[DATA SHOWN — start]
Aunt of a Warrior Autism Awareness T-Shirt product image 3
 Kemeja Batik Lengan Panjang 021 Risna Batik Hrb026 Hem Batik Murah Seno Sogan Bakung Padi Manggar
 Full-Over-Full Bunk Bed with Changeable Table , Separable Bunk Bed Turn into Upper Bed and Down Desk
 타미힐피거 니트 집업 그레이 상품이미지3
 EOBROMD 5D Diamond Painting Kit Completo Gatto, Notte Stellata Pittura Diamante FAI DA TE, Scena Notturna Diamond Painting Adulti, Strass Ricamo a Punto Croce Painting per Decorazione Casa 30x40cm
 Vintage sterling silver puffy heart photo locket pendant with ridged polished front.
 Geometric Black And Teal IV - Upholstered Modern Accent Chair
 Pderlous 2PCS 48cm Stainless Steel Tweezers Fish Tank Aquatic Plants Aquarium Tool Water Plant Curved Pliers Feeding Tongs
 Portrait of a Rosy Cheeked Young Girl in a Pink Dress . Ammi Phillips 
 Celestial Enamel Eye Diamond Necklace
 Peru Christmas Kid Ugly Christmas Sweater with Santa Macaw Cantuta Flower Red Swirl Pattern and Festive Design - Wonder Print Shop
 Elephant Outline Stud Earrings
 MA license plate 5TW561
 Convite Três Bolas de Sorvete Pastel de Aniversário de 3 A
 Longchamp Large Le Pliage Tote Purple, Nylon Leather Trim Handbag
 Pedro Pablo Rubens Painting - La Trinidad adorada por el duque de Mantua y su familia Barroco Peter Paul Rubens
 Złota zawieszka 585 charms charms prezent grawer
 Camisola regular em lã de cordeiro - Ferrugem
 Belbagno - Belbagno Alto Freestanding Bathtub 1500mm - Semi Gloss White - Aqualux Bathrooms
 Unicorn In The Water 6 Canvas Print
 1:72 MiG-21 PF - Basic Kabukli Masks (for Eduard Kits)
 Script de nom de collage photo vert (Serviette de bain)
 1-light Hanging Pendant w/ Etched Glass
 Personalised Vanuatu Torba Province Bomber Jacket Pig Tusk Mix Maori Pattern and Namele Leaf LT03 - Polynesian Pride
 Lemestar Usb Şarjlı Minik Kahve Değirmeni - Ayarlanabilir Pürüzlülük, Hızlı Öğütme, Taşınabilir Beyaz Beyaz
[DATA SHOWN — finish]
_WHAT YOU SHOULD DO_
Having found the line with "Personalised Vanuatu Torba", transcribe it and each line after it to the end of the entries, with no other lines.

_SOLUTION FOR THIS TASK_
 Personalised Vanuatu Torba Province Bomber Jacket Pig Tusk Mix Maori Pattern and Namele Leaf LT03 - Polynesian Pride
 Lemestar Usb Şarjlı Minik Kahve Değirmeni - Ayarlanabilir Pürüzlülük, Hızlı Öğütme, Taşınabilir Beyaz Beyaz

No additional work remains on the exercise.